# Joint meet 14th Dec - Warks, West Mids & East Mids 7pm



## LoTTie (Aug 2, 2005)

Thanks for the interest so far folks...looks like a joint meet between Warwickshire,West Mids and East Mids is on the cards! 

The proposed venue:

The George in the Tree 
Kenilworth Road, 
Balsall Common, 
Berkswell, 
West Midlands 
CV7 7EX Tel. 01676 533118 Fax. 01676 535929

http://www.multimap.com/map/browse.cgi? ... =7&out.y=8

The venue has two large car parks, aim for the main one that is accessed off the roundabout by the pub. Start time is 7pm and festive and non festive fayre is available in the pub..I'll bring some crackers.... :wink: 

Please add your name to the list if you can make it..look forward to seeing you on the 14th!

LoTTie


----------



## TThriller (Feb 27, 2006)

LoTTie said:


> At the meet last week we mentioned testing the water for a pre-Xmas gathering of the Warwickshire meet contingent....
> 
> I am suggesting a meet on the 14th Dec at The Waterman again, kicking off at 7.00 pm for those that might want to get some pre-Xmas TT gazing in and a chance to sample the excellent festive fayre at the Waterman pub.
> 
> ...


Ooerr Emma

14th Dec and The Watermans is rather close geographically and timewise to 12th Dec and The Plough.

Dave


----------



## LoTTie (Aug 2, 2005)

Well, I'm happy to readjust......I can't make the 12th unfortunately as I have an AGM for something else.... 

Just testing the water.....the 18th or 19th could also be possibles?


----------



## YOGIBEAR (Oct 4, 2005)

As its getting a little close to xmas, how about having a joint meet in the middle, say Balsall common area??????


----------



## LoTTie (Aug 2, 2005)

Sounds good to me....I'll go anywhere and work to anything as long as it isn't the 12th!! :roll:


----------



## YOGIBEAR (Oct 4, 2005)

What about the 14th then, i dont know many pubs round there apart fromt the one at the start of Balsall common, opposite the station or the hotel on the other side of the village, but your ideas please as i dont know the area.


----------



## TThriller (Feb 27, 2006)

LoTTie said:


> Sounds good to me....I'll go anywhere and work to anything as long as it isn't the 12th!! :roll:





YOGIBEAR said:


> What about the 14th then, i dont know many pubs round there apart fromt the one at the start of Balsall common, opposite the station or the hotel on the other side of the village, but your ideas please as i dont know the area.

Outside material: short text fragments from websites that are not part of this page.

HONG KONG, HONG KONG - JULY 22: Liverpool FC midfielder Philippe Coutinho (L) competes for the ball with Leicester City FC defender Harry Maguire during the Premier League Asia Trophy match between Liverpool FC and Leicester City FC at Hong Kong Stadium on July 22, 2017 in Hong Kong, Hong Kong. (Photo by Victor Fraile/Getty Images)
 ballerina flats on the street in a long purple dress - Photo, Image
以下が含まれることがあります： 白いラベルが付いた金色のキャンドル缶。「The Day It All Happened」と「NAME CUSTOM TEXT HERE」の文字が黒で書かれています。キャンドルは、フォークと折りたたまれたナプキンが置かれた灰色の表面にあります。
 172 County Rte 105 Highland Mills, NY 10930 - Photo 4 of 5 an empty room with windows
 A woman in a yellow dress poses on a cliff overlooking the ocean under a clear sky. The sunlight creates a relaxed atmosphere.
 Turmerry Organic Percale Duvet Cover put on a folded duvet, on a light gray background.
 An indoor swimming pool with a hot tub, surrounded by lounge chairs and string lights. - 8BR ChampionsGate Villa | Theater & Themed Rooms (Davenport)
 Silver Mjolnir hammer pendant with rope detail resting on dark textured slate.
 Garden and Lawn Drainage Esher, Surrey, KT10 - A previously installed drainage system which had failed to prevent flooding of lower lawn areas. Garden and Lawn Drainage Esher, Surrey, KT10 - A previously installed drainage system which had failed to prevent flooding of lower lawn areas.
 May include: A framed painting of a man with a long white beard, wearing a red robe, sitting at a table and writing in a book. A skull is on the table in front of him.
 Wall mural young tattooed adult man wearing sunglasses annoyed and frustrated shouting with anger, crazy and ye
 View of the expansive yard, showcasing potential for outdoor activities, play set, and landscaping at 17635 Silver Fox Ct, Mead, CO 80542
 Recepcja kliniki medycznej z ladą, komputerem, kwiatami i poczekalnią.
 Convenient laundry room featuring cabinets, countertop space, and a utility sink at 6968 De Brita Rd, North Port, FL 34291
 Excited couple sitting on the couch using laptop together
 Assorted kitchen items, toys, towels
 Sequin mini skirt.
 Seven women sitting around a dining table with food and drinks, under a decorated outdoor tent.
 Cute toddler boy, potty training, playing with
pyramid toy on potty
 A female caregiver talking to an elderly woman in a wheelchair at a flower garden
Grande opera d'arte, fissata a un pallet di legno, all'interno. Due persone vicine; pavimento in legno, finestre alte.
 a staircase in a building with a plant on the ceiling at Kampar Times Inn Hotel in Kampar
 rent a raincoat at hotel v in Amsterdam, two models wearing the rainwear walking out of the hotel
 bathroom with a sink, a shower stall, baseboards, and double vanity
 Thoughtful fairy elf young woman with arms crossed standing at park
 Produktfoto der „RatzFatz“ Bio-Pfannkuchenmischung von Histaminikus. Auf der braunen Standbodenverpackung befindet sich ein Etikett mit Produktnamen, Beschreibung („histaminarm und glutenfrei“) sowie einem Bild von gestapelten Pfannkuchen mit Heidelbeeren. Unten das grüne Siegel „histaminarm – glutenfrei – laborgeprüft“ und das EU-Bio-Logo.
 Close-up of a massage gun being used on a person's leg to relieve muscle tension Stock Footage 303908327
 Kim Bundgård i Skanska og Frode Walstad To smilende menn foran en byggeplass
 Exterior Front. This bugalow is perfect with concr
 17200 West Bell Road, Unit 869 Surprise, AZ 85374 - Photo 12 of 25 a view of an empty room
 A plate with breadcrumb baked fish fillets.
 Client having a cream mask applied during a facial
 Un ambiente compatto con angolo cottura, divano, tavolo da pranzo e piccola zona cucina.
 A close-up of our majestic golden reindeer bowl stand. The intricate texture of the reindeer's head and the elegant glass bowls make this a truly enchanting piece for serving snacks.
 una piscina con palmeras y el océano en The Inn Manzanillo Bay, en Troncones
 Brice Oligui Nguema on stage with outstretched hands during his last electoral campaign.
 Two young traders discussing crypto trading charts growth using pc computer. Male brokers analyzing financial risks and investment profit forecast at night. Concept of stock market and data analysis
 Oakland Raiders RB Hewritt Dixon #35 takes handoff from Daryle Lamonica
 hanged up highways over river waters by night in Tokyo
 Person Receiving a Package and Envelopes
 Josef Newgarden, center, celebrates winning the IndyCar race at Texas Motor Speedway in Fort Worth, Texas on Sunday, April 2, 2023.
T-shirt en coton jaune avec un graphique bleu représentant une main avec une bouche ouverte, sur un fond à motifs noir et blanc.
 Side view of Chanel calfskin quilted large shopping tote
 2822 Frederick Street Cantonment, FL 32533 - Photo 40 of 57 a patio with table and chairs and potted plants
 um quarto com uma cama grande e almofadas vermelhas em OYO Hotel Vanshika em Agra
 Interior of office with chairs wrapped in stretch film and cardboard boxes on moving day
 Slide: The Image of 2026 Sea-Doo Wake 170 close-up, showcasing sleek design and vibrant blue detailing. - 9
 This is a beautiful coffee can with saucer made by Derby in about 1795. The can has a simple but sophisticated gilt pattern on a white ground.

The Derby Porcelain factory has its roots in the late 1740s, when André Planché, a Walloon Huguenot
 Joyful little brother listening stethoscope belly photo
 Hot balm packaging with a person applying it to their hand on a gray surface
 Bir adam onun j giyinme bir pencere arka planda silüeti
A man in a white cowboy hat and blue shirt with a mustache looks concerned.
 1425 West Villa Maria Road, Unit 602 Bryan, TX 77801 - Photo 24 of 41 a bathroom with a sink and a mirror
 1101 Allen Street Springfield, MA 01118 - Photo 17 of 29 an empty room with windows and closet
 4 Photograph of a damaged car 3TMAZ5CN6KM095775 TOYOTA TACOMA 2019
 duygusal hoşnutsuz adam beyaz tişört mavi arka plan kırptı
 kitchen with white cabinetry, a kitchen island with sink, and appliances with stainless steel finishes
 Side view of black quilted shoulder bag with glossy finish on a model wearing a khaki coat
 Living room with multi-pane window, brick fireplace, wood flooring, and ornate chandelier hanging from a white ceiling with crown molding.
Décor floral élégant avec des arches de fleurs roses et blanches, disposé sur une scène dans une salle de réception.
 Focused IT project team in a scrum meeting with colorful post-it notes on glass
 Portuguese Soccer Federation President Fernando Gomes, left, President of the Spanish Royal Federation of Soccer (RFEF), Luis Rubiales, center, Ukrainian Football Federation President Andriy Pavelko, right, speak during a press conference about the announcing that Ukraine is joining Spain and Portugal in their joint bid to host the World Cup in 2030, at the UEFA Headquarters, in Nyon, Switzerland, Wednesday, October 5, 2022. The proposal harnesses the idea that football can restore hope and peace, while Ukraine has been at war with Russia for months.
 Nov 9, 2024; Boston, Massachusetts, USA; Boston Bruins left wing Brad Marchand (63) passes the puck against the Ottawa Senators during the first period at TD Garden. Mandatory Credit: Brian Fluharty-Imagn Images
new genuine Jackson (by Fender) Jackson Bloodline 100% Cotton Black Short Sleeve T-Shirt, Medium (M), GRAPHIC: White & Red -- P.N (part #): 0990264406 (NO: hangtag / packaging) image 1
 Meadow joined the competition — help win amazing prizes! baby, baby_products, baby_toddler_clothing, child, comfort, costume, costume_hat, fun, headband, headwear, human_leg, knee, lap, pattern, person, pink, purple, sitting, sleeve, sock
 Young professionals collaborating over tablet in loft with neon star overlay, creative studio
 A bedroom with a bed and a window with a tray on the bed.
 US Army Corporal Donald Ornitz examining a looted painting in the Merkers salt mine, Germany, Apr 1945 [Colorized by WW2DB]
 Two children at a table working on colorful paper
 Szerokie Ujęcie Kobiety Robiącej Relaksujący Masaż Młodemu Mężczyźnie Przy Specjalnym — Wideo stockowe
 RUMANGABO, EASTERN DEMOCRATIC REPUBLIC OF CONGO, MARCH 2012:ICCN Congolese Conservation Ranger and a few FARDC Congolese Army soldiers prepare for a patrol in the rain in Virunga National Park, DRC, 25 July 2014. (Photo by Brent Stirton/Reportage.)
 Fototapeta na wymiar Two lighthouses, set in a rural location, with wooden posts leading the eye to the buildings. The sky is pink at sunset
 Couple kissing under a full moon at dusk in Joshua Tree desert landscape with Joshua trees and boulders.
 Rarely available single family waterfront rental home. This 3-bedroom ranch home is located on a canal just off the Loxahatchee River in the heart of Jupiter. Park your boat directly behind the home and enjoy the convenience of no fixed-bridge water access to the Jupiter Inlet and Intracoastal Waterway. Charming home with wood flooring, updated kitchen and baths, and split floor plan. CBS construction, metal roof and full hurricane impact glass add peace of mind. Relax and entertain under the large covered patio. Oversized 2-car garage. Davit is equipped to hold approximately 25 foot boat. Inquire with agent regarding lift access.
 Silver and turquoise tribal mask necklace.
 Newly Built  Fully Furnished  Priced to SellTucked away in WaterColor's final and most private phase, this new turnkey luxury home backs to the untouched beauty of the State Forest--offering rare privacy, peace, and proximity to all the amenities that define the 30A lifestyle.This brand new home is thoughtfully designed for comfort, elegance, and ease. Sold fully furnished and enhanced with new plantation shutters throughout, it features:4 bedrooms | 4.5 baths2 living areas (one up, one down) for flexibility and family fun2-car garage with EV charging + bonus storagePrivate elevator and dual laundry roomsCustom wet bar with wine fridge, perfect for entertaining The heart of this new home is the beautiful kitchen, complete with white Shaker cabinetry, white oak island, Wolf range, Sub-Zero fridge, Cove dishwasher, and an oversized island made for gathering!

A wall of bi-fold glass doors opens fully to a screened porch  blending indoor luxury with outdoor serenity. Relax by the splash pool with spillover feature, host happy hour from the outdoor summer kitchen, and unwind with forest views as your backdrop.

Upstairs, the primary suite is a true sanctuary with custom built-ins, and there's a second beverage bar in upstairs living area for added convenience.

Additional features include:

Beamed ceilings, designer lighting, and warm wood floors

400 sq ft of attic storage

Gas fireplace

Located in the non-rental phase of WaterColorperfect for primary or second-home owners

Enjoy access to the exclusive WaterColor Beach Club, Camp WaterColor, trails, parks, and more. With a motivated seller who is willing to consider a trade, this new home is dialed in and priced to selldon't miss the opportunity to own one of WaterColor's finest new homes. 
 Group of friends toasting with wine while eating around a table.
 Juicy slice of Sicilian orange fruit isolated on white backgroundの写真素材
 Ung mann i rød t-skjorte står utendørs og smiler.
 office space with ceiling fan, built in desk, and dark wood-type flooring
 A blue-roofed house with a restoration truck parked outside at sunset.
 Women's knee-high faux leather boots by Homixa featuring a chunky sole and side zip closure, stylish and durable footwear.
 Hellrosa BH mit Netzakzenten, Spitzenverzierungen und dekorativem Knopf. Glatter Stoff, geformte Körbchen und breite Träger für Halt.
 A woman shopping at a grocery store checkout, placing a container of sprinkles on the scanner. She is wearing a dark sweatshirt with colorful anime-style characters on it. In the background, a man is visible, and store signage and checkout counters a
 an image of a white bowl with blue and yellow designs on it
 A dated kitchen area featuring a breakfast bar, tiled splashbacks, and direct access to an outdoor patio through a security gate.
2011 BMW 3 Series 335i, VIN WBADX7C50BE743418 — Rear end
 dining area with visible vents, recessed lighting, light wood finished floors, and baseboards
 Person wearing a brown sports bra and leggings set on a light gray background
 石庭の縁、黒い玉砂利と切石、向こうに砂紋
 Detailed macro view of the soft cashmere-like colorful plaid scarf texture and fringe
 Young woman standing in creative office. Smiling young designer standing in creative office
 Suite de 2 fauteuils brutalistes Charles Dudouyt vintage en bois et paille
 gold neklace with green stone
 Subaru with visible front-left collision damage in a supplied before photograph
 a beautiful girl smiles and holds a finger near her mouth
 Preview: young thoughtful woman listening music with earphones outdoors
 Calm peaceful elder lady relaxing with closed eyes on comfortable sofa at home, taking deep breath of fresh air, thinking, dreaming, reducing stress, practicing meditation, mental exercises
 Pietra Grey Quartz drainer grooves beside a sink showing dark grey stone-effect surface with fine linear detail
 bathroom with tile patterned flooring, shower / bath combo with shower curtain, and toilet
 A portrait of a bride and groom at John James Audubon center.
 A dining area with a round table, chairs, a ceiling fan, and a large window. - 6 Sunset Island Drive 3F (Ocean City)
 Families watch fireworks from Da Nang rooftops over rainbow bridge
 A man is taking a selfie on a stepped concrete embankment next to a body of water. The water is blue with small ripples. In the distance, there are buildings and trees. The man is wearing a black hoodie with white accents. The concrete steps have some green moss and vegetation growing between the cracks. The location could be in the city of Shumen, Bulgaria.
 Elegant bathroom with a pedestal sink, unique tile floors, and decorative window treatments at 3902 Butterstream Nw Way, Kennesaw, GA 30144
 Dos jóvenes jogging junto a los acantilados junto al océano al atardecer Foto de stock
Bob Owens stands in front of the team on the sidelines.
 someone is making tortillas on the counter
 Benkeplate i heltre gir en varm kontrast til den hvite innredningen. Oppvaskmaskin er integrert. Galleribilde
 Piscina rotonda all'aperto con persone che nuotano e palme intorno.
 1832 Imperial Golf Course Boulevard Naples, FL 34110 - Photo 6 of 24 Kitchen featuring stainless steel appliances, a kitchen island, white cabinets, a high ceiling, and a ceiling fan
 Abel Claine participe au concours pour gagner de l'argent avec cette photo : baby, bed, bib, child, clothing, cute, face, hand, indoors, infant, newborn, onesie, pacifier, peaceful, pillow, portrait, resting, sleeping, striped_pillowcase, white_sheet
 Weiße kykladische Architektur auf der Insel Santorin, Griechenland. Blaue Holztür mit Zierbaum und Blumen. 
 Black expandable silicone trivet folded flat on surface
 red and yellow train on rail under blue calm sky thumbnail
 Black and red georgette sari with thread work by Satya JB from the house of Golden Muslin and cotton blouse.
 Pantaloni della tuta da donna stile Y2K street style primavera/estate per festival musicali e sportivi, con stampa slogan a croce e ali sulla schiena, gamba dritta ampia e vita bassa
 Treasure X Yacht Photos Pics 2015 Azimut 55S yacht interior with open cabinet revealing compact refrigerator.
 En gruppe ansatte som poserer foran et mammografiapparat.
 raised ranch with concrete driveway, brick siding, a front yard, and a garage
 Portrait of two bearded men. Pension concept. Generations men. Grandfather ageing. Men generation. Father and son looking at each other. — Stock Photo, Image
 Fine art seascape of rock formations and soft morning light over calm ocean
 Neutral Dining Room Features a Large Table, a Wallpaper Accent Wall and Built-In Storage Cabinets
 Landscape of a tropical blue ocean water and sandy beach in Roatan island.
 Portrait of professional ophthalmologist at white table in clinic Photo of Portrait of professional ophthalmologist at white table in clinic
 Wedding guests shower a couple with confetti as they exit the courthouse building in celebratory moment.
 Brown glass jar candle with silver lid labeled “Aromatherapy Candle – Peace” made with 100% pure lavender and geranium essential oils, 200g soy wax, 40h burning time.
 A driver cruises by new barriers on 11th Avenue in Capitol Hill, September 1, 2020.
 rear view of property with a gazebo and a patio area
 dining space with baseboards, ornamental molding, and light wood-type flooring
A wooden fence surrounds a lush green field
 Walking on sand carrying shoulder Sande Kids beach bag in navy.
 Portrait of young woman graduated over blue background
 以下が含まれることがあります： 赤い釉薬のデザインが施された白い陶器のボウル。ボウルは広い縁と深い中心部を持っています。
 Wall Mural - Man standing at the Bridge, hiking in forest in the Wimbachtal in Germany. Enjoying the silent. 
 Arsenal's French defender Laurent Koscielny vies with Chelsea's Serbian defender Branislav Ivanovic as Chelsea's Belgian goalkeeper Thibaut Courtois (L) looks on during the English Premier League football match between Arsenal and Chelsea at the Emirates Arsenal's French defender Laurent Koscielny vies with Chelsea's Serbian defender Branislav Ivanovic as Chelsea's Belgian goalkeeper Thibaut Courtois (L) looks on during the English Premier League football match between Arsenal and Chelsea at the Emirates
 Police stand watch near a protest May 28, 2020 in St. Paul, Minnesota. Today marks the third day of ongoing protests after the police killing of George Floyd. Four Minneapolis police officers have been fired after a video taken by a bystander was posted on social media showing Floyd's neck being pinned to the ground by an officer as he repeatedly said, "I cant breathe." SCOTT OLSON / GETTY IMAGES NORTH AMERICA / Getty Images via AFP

I like it, I like it [smiley=thumbsup.gif] [smiley=thumbsup.gif]

A joint meet on Thursday 14th Dec gets my vote!!

Fraser, do you mean?:

The George in the Tree
Kenilworth Road,
Balsall Common,
Berkswell,
West Midlands
CV7 7EX Tel. 01676 533118 Fax. 01676 535929

http://www.multimap.com/map/browse....e=&keepicon=&zm=0&scale=50000&out.x=7&out.y=8

Dave


----------



## YOGIBEAR (Oct 4, 2005)

Dave to be honest i dont know :roll:

But it sounds like the start of a plan, now where is Lottie [smiley=gorgeous.gif] as it is her thread


----------



## LoTTie (Aug 2, 2005)

Sorry guys....I've been in Leeds all day working!!! :roll:

The 14th at the George in the Tree sounds like a most excellent plan.....it has a large car park and does plenty of food...... 8)

So, 7pm for festive or non festive nosh and TT gazing? 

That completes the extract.